Long-term memories can be declarative (episodic (remembering events) or semantic (knowing things) – things we can consciously or explicitly express that we can remember and recall e.g. facts) and non-declarative (procedural skills and habits, priming, classical conditioning, non-associative learning – things that are subconscious or unconscious and implicit but in our memory e.g. skills).
Episodic (or flashbulb or autobiographical) memories are our remembering of specific experiences and salient events (e.g. being at a concert and its time, place and fluffy emotional affect on us). Semantic memories are our knowledge independent of personal experiences (e.g. facts, meanings and concepts that we know but cannot recall where and when they first originated for us). If we experience an episodic event frequently enough then semantic memories may form out of them, where the personal context is eventually forgotten and the memories now stand alone as simple knowledge (e.g. we once first learned about the alphabet but most of us cannot now remember exactly when, where and how we acquired this knowledge, yet we can still remember the alphabet itself, having used it every day since). Semantic knowledge can therefore sometimes be dangerous – if we’re continuously exposed to a belief for a long time, we can forget where it first originated from in order to go back and question its source and veracity.

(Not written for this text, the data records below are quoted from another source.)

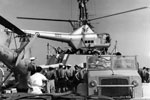Helicopters are brought to Zante by HMS Bermuda to carry out aerial surveys, August 1953. Image from Imperial War Museums, A32690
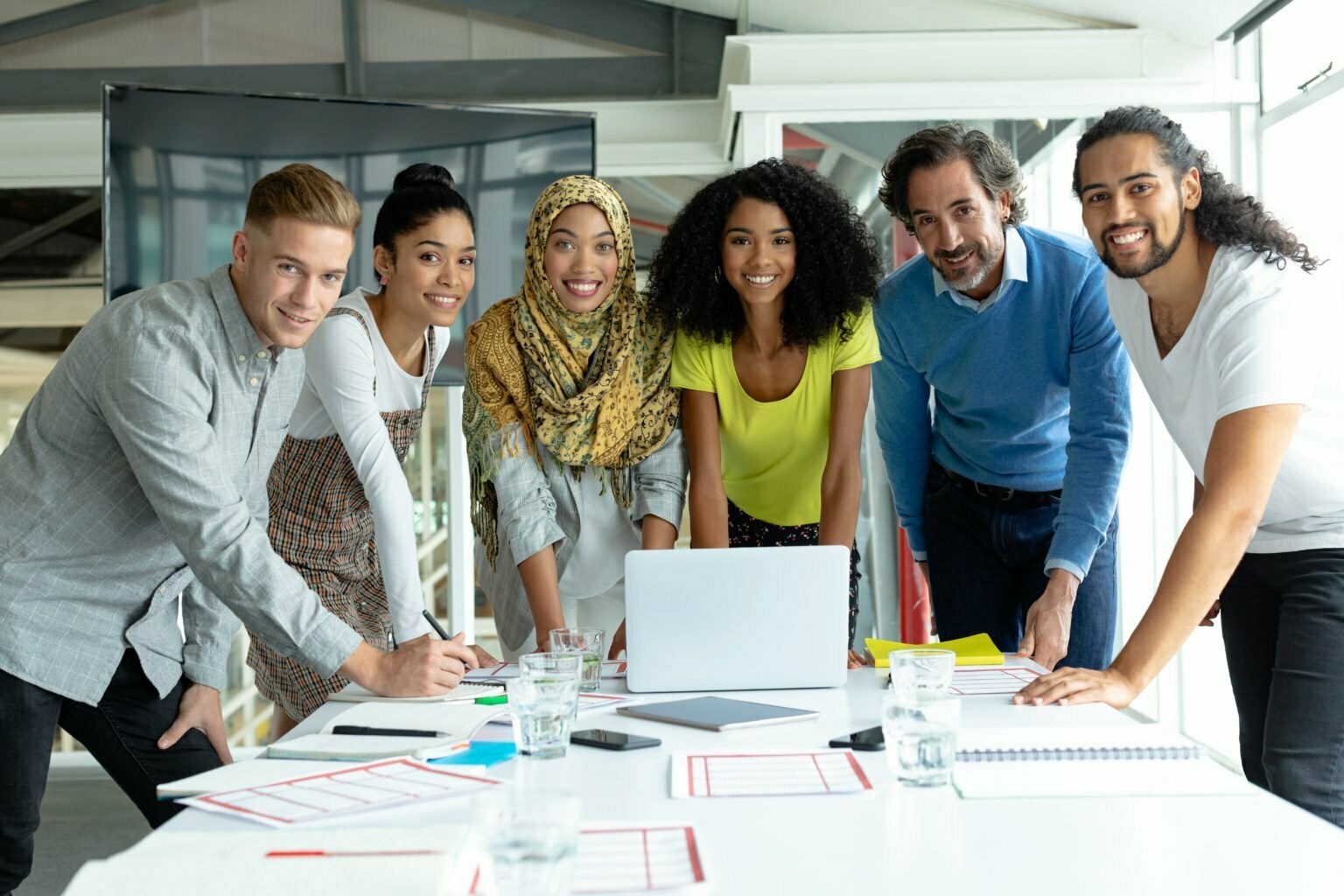 Front,View,Of,Diverse,Business,People,Looking,At,Camera,While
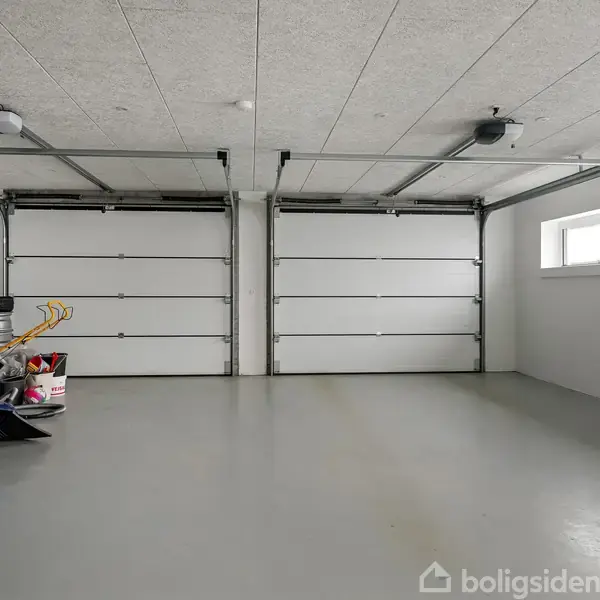 Et tomt garage med to lukkede, hvide porte. På venstre side står der legetøj og værktøj. Der er betongulv og et lille vindue til højre.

The ‘recency effect’ is when we tend to most easily recall the latest things we saw, read or heard in a sequence of information, such as a shopping list. The next things we tend to most easily recall are the earliest things in a sequence and this is the ‘primacy effect’. This means that items in the middle of a sequence are more likely to be forgotten first. This is why you should put your best work in the front and back of your portfolio to maximise its impact, or why it’s best to prioritise the beginning and end of an experience when trying to make an experience overall good and memorable. (The recency and primacy effects are often combined to be known as the ‘serial-position effect’.) The ‘peak-end rule’ is when we most easily remember the last event and the most salient event in a sequence of events. But evaluations of past events are often also coloured by our feelings at the time of evaluation (e.g. you were totally happy during the date, but now you know the person was a cheat so now you don’t have happy memories of that date anymore – you might even start to ‘remember’ clues that you should’ve paid attention to that revealed that the person would one day cheat on you).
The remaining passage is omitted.